My roommate was crying when I stumbled home that night, sunburned, with sand in my hair and under my nails, a stupid smile stretching my lips in both corners. I figured she was going through some new personal crisis. Then she showed me the letter -- I had been selected.
It wasn’t fair. They chose one person a year, one out of millions, completely at random. The person was placed in a rocket, shot into outer space, up to the moon, where the other chosen ones now lived, along with scientists, military personnel, corporate researchers. It was the best way to get the population stabilized, was the reasoning, prevent bias by choosing people at random. That way, everyone would eventually be represented up there.

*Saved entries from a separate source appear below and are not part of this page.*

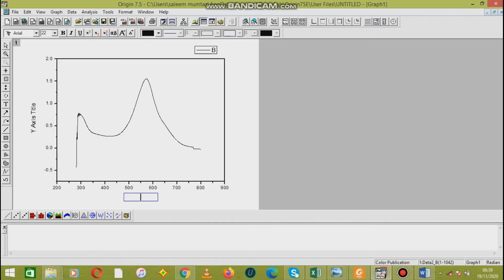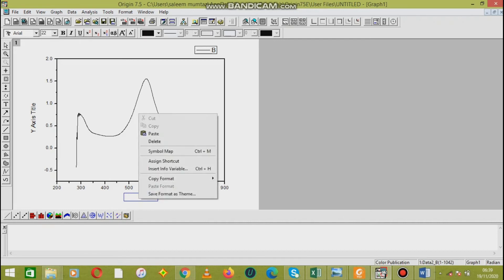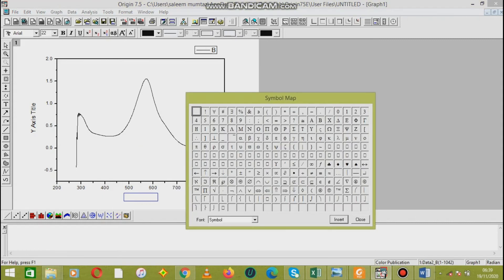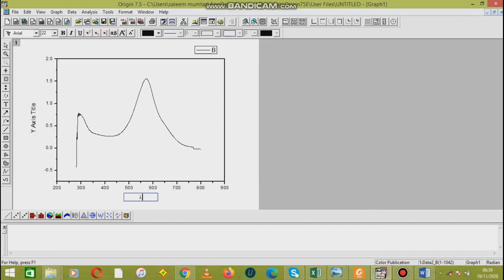Here we also take lambda as the label for the x-axis. The unit of the wavelength is also added here.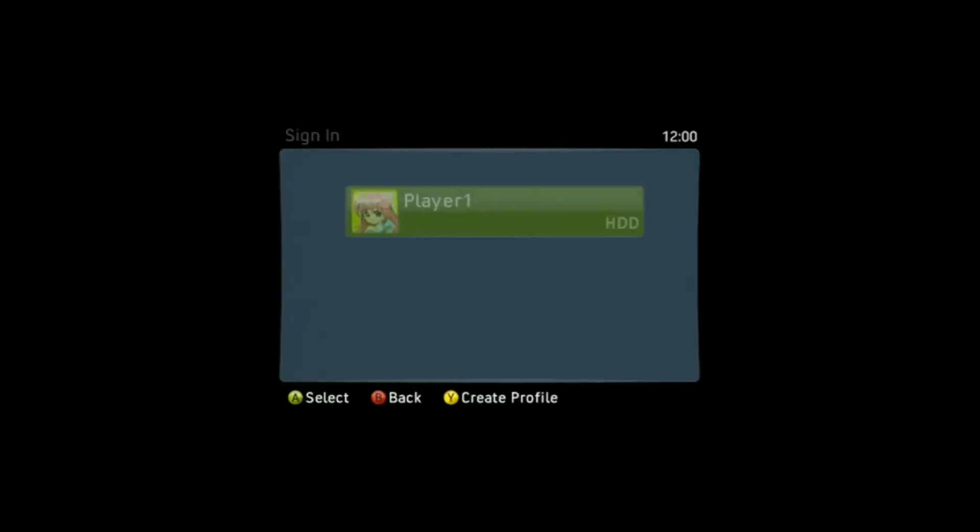You'll get a black screen asking you to sign in. You can just use a temporary profile for offline use. And then in a few seconds, you should be getting the XEX menu interface.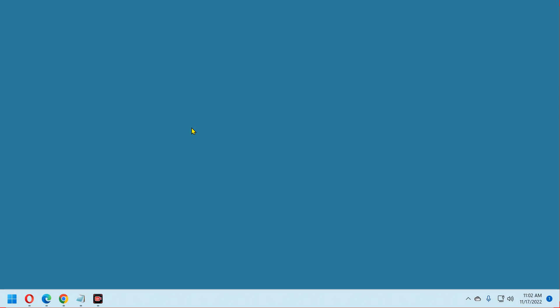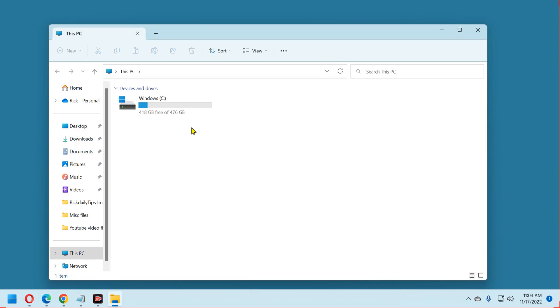First press the Windows key and the E key at the same time to open File Explorer. Next, click the three dots on the far right side of the menu bar and select options from the menu.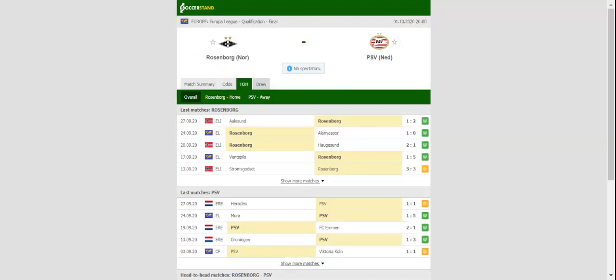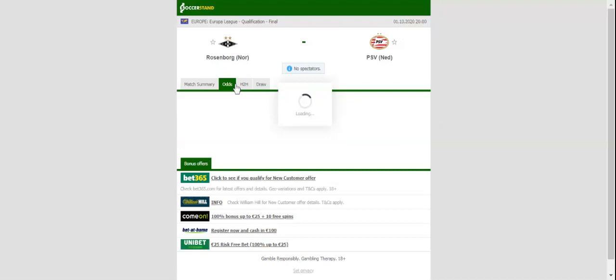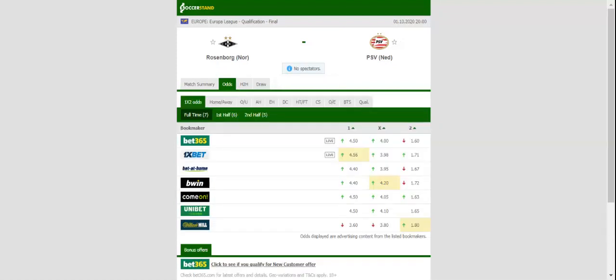All eyes will be on the Kendall Stadium when Rosenborg and PSV face each other in the Europa League playoffs. Rosenborg set up a meeting with PSV by beating Breidablik, Shamrock Rovers, and Alanyaspor.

I tried to hide, of course. Everyone does. No one wants to forever abandon the only life, the only planet they’d ever known. But they always find you. They’ll restrain you if they must, sedate you. They injected me with something that made me fall asleep. I thought of him before I passed out. I knew he was partly responsible -- he worked for these people after all. But I couldn’t find it in me to blame him.
When I regained consciousness, I was already strapped in. It was really too late then. They were kind enough to give a window seat, real first-class treatment, a little porthole to gaze out of from my mechanical straightjacket. I prayed the rocket wouldn’t blow up. And it didn’t. We were going up and up and up. I watched cities disappear into pinpricks, oceans into puddles. Then clouds concealed everything and suddenly we were above the Earth.
Even on the clearest night back home, I’d never seen so many stars. They peeked through the window, casting teeny spotlights all over the cabin. The lights were turned off, and the everlasting night flowed freely into the rocket. It was breathtaking. Tears bit the corners of my eyes. This beauty would be mine, forever now. It filled the inside of my heart, the way a pastry bag pumps eclairs full of cream. Everything else was squeezed out. I didn’t even think of him, really.